Pada tahun 1428 tertulis dalam Caka tersebut Sunan Giri meresmikan
penyempurnaan masjid Demak. Tanpa diduga pengunjung yang hadir sangat
banyak. Kesempatan ini kemudian digunakan para Wali untuk melakukan
dakwah Islam. Jadi, tujuan semula Grebeg Besar adalah untuk merayakan
Hari Raya Kurban dan memperingati peresmian Masjid Demak.
7. Tradisi Kerobok Maulid di Kutai dan Pawai Obor di Manado.
Di kawasan Kedaton Kutai Kartanegara, Provinsi Kalimantan Timur, juga
diselenggarakan tradisi yang dinamakan Kerobok Maulid.

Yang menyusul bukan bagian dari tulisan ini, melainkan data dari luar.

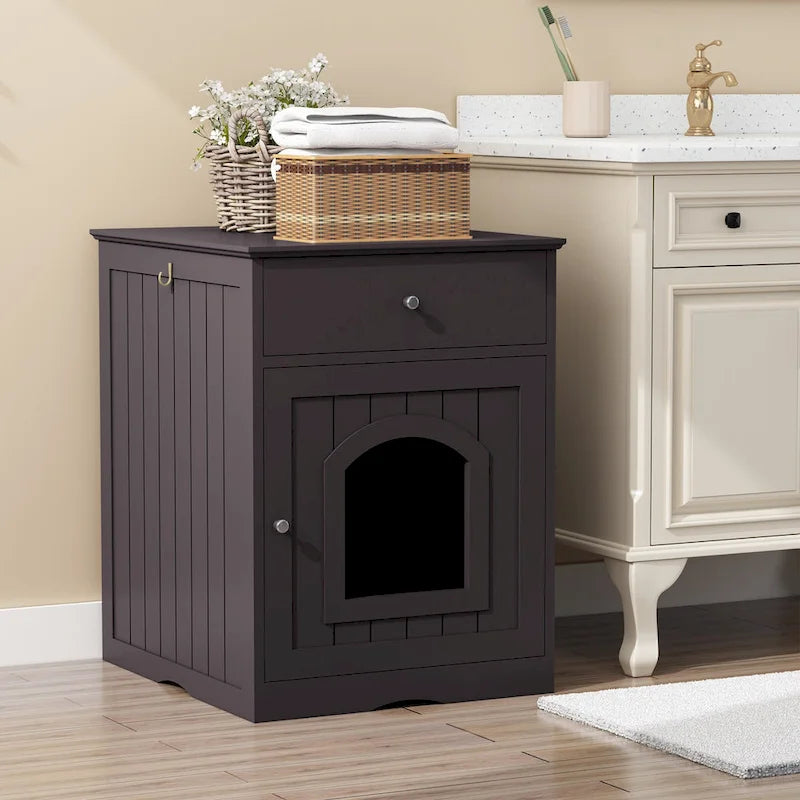 Wooden Pet House Cat Litter Box Enclosure with Drawer, Side Table, Indoor Pet Crate, Cat Home (Brown)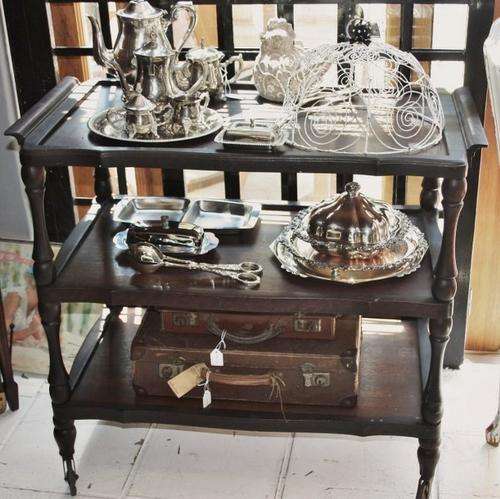 Gorgeous Mahogany Tea Trolley - Original Coasters!!!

Istilah Kerobok
berasal dari Bahasa Kutai yang artinya berkerubun atau berkerumun oleh
orang banyak. Tradisi Kerobok Maulid dipusatkan di halaman Masjid Jami’
Hasanuddin, Tenggarong. Tradisi ini dilaksanakan dalam rangka
memperingati kelahiran Nabi Muhammad saw., tanggal 12 Rabiul Awwal.

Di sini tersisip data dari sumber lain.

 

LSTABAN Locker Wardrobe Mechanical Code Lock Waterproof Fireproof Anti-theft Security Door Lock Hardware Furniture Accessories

Kegiatan Kerobok Maulid ini diawali dengan pembacaan Barzanji di Masjid
Jami’ Hasanudin Tenggarong. Kemudian dari Keraton Sultan Kutai, puluhan
prajurit Kesultanan akan keluar dengan membawa usung-usungan yang berisi
kue tradisional, puluhan bakul Sinto atau bunga rampai dan Astagona.
Usung-usungan ini kemudian dibawa berkeliling antara Keraton dan Kedaton
Sultan dan berakhir di Masjid Jami’ Hasanuddin. Kedatangan prajurit
keraton dengan membawa Sinto, Astagona dan kue-kue di Masjid Hasanudin
ini akan disambut dengan pembacaan Asrakal yang kemudian
membagi-bagikannya kepada warga masyarakat yang ada di dalam Masjid.

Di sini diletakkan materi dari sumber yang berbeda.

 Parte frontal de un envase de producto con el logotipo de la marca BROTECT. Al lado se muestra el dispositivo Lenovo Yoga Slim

Akhir dari upacara Kerobok ini ditandai dengan penyampaian hikmah maulid
oleh seorang ulama.
Lain di Kutai lain pula di Manado. Untuk memperingati Maulid nabi
Muhammad saw. warga muslim di Kota Manado, Sulawesi Utara, menggelar
tradisi pawai obor. Obor yang dibawa berpawai oleh ribuan warga membuat
jalan-jalan di Kota Manado terang. Bagi warga muslim setempat pawai obor
sudah jadi tradisi dan dilaksanakan turuntemurun sebagai simbol
penerangan. Lebih lanjut simbol penerangan itu bermakna bahwa kelahiran
Nabi Muhammad saw. adalah membawa ajaran yang menjadi cahaya penerang
iman saat manusia hidup dalam kegelapan dan kemusyrikan.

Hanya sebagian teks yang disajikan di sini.